Otras teorías, igualmente pintorescas, alimentan el imaginario. Algunos sostienen que el término proviene del quechua upa, referido a personas con dificultades auditivas o cognitivas; otros, que surgió en las gradas del estadio Guillermo Plazas Alcid con el grito “¡O juega… o pita!”; y hay quienes lo vinculan con la red de correos y espías conocida como OPA en tiempos de Bolívar. Todas son versiones sin respaldo académico, pero con valor simbólico: expresan la riqueza del relato popular, esa otra forma de verdad que se transmite entre generaciones.
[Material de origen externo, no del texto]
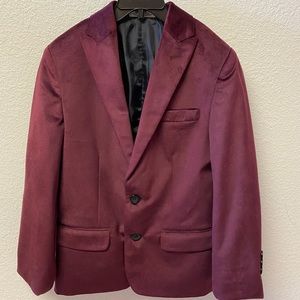 Boys 3pc Suit: Maroon Velvet Jacket, Black Pants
Lo que sí es cierto es que ser opita va más allá del nombre. Es ser parte de una región que honra sus raíces: desde las estatuas sagradas de San Agustín hasta las tradiciones del San Pedro; desde las deliciosas achiras que saben a infancia hasta el baile del Sanjuanero que se lleva en el alma. El opita es trabajador, honesto, sencillo, orgulloso de lo suyo. Y aunque a veces se diga que hay en él una pizca de ingenuidad, esa misma candidez es reflejo de su corazón transparente.
En 1905, cuando el Huila se convirtió oficialmente en departamento, su gente ya llevaba siglos tejiendo identidad en medio de caminos polvorientos y guitarras que cantaban la vida. La ley solo formalizó lo que ya existía: una tierra viva, llena de voces y de memoria.
Ser opita es, al final, un acto de pertenencia. Una forma de estar en el mundo con los pies en la tierra y la mirada noble. Una palabra sencilla que, como el mismo Huila, no necesita adornos para brillar.